Elle s’arrêtait alors de rire et secouait une tête navrée au dessus de sa fiole, tremblotante entre ses doigts de sorcière.
« - Jamais entendu une pareille sottise. »
Elle semblait parler à sa fiole plus qu’à Jo – Becky aimait beaucoup s’adresser aux objets, aux animaux, bien plus qu’aux hommes, à vrai dire-. Elle pointait un doigt sur sa petite nièce, son autre main empoignant la fiole, qu’elle balançait près de la figure de la gamine, toute frissonnante devant la mort infinie sous son nez.
« - Il n’y a rien de serviable là-dedans, Joanee, ce que tu vois de magie à l’intérieur de cette fiole, c’est le mal à l’état pur, le mal distillé, la fin de tout. »
Elle marqua une pose pour reprendre son souffle. –Becky n’avait pas beaucoup de souffle-. Elle reprenait.
« - Mais si je verse dans cette fiole ne serait-ce qu’une minuscule goutte de lait de licorne à deux têtes…sais tu ce qui se passe ? »
Joanee, qui murmurait entre ses dents « Vieilles superstitions de sorcières… », se contenait de hocher la tête négativement, ce qui rendait Becky encore plus folle de son succès.

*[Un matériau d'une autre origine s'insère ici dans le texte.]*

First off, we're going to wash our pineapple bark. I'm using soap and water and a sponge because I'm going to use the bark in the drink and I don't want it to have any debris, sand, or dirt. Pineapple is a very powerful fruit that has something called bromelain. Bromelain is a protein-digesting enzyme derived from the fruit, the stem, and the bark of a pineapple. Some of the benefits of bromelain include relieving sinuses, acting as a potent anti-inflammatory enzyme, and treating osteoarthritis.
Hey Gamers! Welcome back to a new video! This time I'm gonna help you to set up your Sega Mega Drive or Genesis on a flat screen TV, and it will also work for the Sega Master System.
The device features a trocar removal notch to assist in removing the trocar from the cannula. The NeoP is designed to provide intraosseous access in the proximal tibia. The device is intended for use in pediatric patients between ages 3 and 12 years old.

« - Et bien, une seule goutte de lait de licorne à deux têtes, et ce que tu appelles le mal, là, procure à celui qui la boit… » Elle marquait ici une pose agaçante, vidant d’un long trait son verre d’alcool, le reposant sur la table avec une force qui faisait s’envoler le corbeau Wilfried, et déclamait, sa langue claquant toujours contre son palais :
« - La vie éternelle ».
Elle se balançait en arrière pour aller s’écraser sur le dos de sa chaise de bois usé, un sourire satisfait sur son visage taillé au couteau. Joanee secouait lentement la tête de droite à gauche, le regard fixé sur la fiole.
« - Becky, il n’existe plus de licorne à deux têtes depuis le début du Moyen Age. A quoi te sert cette fiole, si ce n’est à te suicider ou tuer quelqu’un de la pire manière qui soit … »

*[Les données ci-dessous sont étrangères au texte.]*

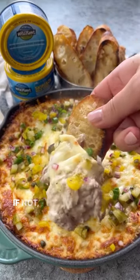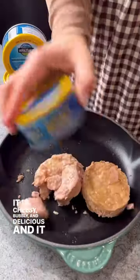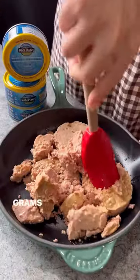Have you ever tried tuna melt dip? If not, this is your sign to do it. It is cheesy, bubbly and delicious, and it contains over 230 grams of protein.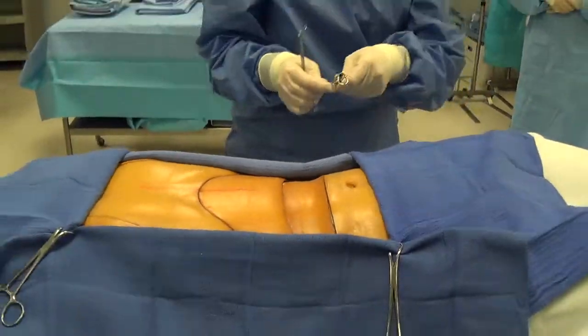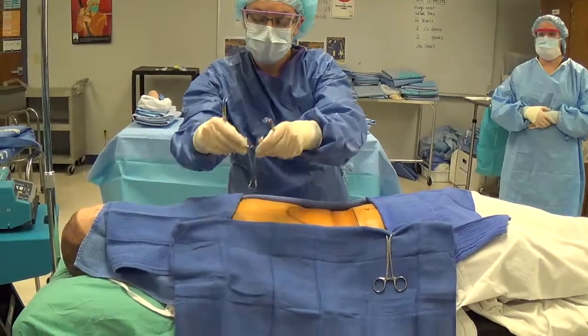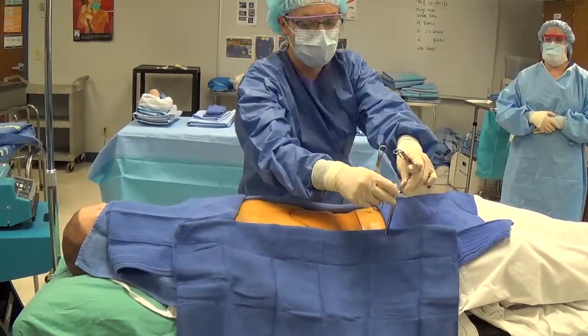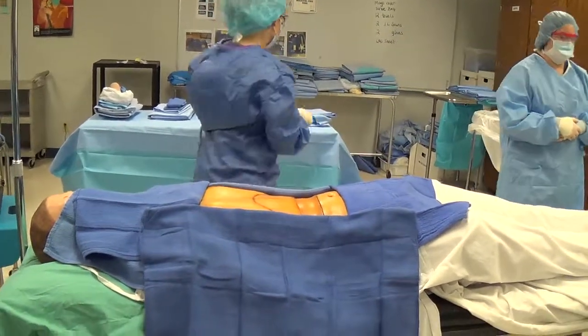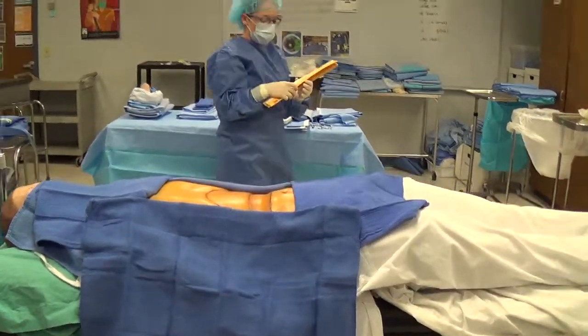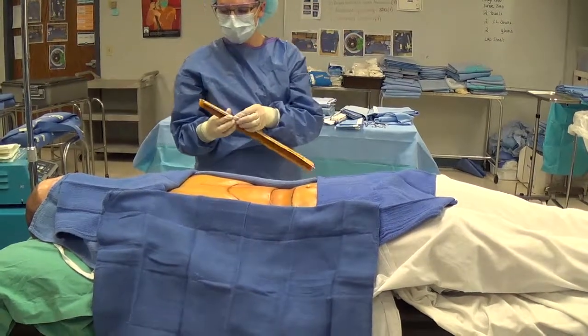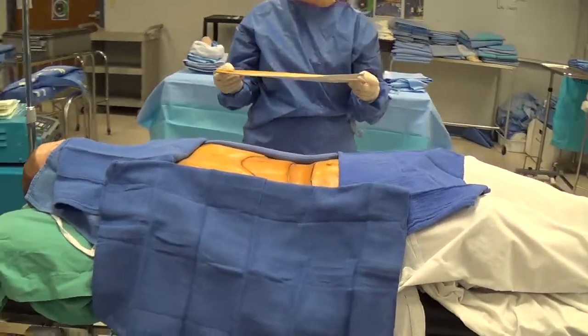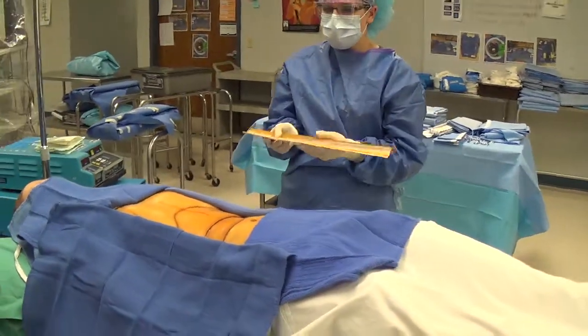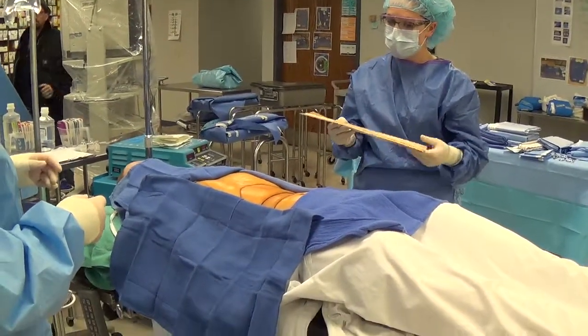If your surgeon is placing an Ioban over the top of the towels instead of perforating towel clips, it would be placed in this fashion. The Ioban is a sterile drape impregnated with an iodophor that is slowly released throughout the case and helps prevent the regrowth of microorganisms. We like Iobans because they lock microbes on the skin and prevent bacterial migration into the wound.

Becky se rapprochait de Joan en grommelant.
« - A quoi te sert, Becky, à quoi te sert… Et à toi, petite, à quoi te sert ta tête, si tu ne t’en sers point ? Qu’est ce qui te fait croire que ce qui disparaît ne revient jamais ? »
A cet instant, l’alcool et l’esprit de Becky se faisant cruellement sentir dans la conversation, Joan souriait d’un air malicieux et se levait de table.
« - Emporte aussi ma tasse à l’évier »
Glapissait Becky, lui tendait sa propre tasse de thé à laver. Elle bourrait sa pipe le temps que Jo lavait, puis lorsqu’elle reprenait sa place, Becky faisait mine de s’endormir, sa pipe ronflant autour d’elle comme une cheminée, mais la jeune fille savait qu’elle avait encore quelque chose à lui dire. En effet, Becky ouvrait un œil, s’approchait de sa nièce avec un sourire mauvais.
« - Vous avez bien sûr des cours de défense contre les forces du bien, c’est évident… »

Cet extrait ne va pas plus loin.